You can now take a picture of your hand and see the output of your model. To do that:
1. Click on "File" in the upper bar of this notebook, then click "Open" to go on your Coursera Hub.
2. Add your image to this Jupyter Notebook's directory, in the "images" folder
3. Write your image's name in the following code
4. Run the code and check if the algorithm is right!

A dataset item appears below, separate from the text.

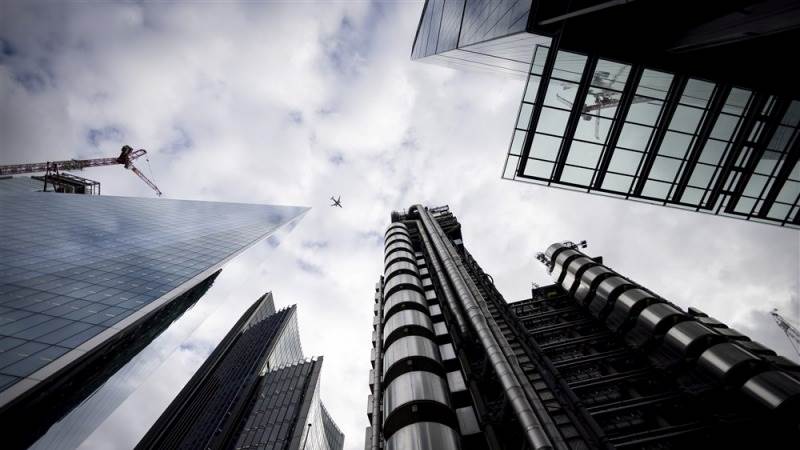 UK economy surprises, grows 0.1% in November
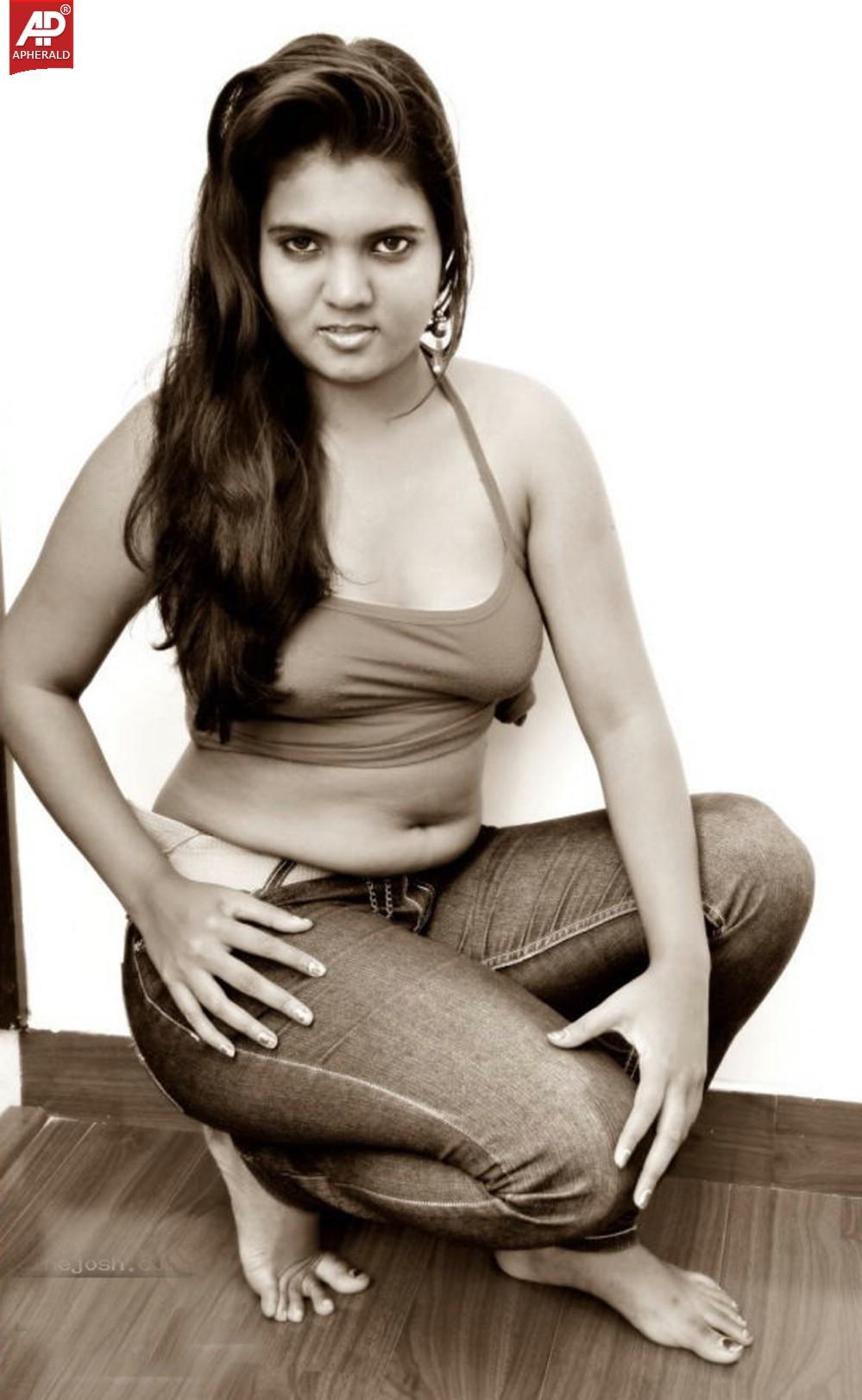 Aashi Hot n Sexy Photoshoot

# importing libraries for the image procerssing
from PIL import Image
import cv2
import numpy as np
import imageio
image = imageio.imread('thumbs_up.jpg')
image.shape
plt.imshow(image)
# preprocessing your image to fit the algorithm.
#fname = my_image
#image = np.array(ndimage.imread(my_image, flatten=False))
my_image = cv2.resize(image, dsize=(64,64)).reshape((1, 64*64*3)).T
#my_image = resize(image, reshape((1, 64*64*3))).T
y_image_prediction = predict(my_image, parameters)
plt.imshow(image)
print("The algorithm predicts: y = " + str(np.squeeze(my_image_prediction)))
The algorithm predicts: y = 2
As you can see the algorithm seems to classify it incorrectly. The reason is that the training set doesn't contain any "thumbs-up", so the model doesn't know how to deal with it! We call that a "mismatched data distribution".